- Work instructions: Look for "will" in the records and copy every line that has it.

- Records shown:
────────────────

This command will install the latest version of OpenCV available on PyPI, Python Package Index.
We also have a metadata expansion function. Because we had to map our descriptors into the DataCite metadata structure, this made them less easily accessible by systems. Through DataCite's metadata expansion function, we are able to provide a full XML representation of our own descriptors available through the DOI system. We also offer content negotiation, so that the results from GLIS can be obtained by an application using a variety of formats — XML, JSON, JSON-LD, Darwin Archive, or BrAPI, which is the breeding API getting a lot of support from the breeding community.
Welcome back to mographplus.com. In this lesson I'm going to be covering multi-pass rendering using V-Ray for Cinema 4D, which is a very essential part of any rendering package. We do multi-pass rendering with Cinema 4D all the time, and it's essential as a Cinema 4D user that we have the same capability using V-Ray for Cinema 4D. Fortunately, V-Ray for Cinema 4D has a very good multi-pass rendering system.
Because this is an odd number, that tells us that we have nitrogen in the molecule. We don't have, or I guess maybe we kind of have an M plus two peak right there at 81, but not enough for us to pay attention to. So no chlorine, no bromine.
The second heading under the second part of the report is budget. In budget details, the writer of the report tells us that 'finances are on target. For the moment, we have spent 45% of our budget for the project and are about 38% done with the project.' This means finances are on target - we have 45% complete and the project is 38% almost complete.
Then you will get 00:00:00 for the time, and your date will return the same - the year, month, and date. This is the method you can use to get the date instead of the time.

────────────────

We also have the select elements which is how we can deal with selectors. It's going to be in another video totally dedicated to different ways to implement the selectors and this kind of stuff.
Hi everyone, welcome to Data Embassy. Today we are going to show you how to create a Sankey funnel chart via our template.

────────────────

- Output of the task:
This command will install the latest version of OpenCV available on PyPI, Python Package Index.
Then you will get 00:00:00 for the time, and your date will return the same - the year, month, and date. This is the method you can use to get the date instead of the time.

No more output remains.